EXERCISE PROMPT
Print the listing below again, exactly. Skip the pictures.

SUPPLIED DATA
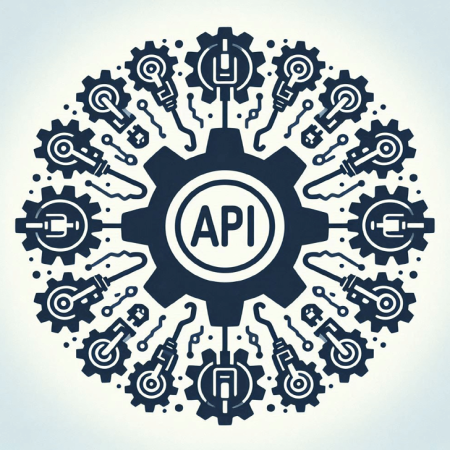 What is API Integration? Why is it important?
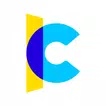 1С:Кабинет сотрудника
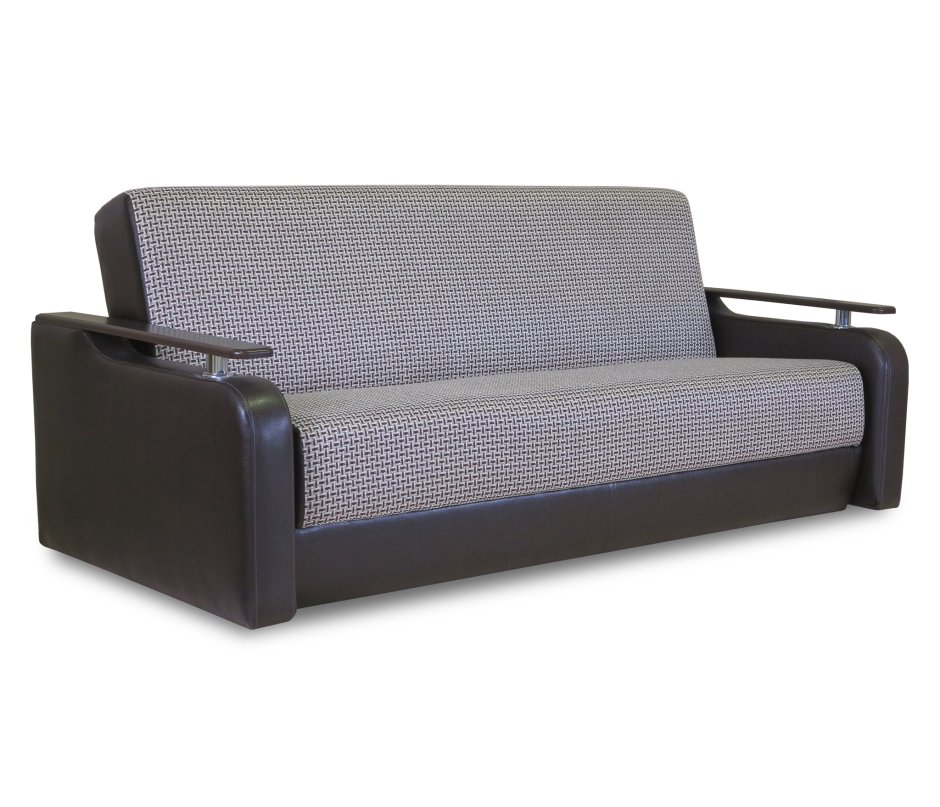 Диван книжка Грант д Корфу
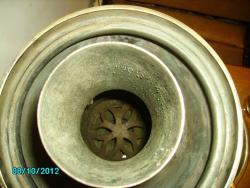 post-5620-0-09886400-1350391087_thumb.jp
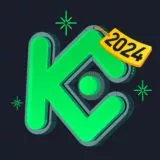 KuCoin en Español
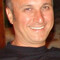 Ali Sina  Özüstün
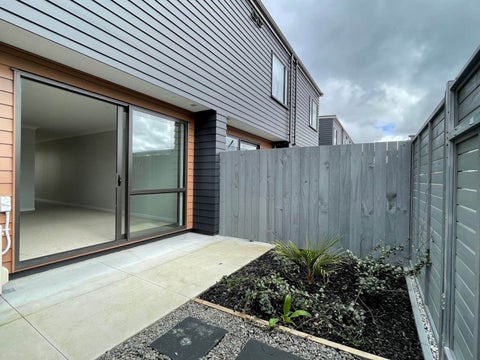 37 Harewood Street, Whenuapai, Auckland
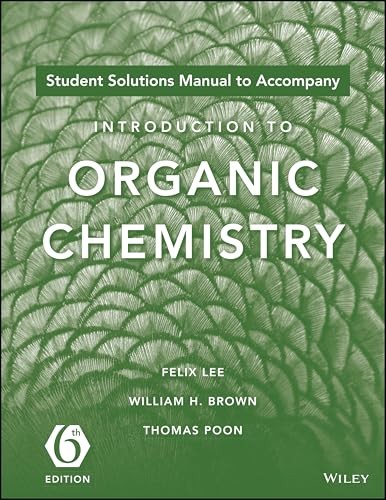 Student Solutions Manual to ac – ACCEPTABLE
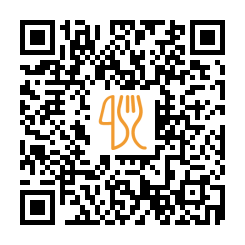 QR-code link către meniul Nadi Hlaing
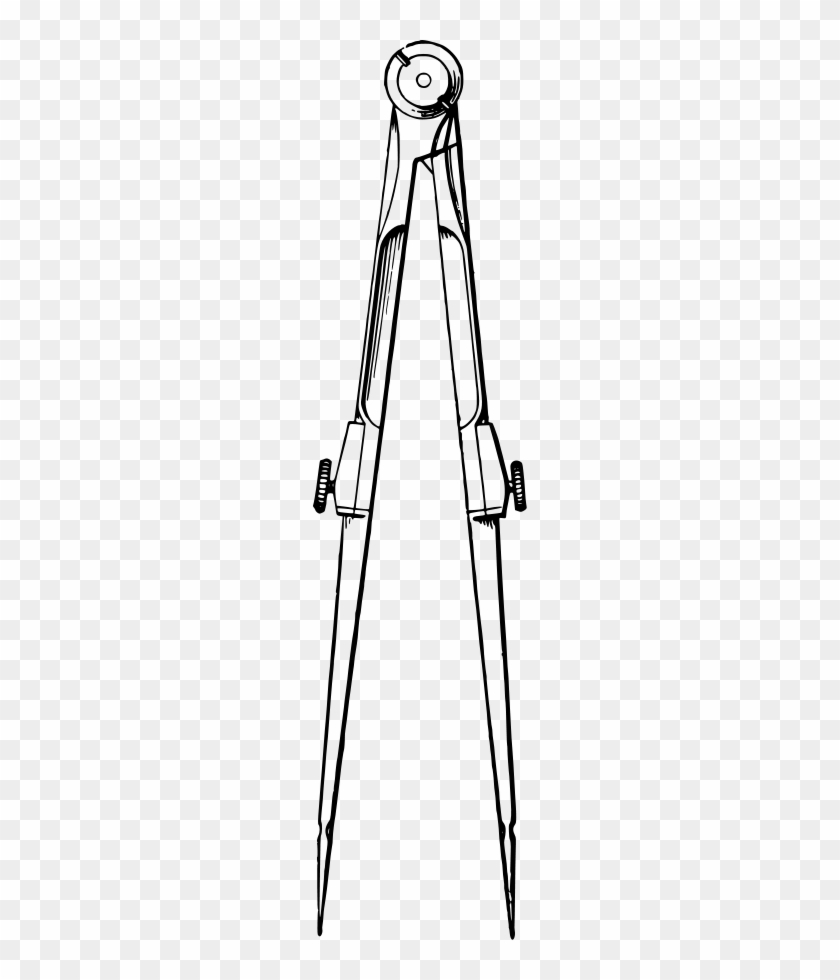 Dividers 900px Clipart Jsu3ct Clipart - Dividers #1102726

ANSWER TO THIS PROBLEM
 What is API Integration? Why is it important?
 1С:Кабинет сотрудника
 Диван книжка Грант д Корфу
 post-5620-0-09886400-1350391087_thumb.jp
 KuCoin en Español
 Ali Sina  Özüstün
 37 Harewood Street, Whenuapai, Auckland
 Student Solutions Manual to ac – ACCEPTABLE
 QR-code link către meniul Nadi Hlaing
 Dividers 900px Clipart Jsu3ct Clipart - Dividers #1102726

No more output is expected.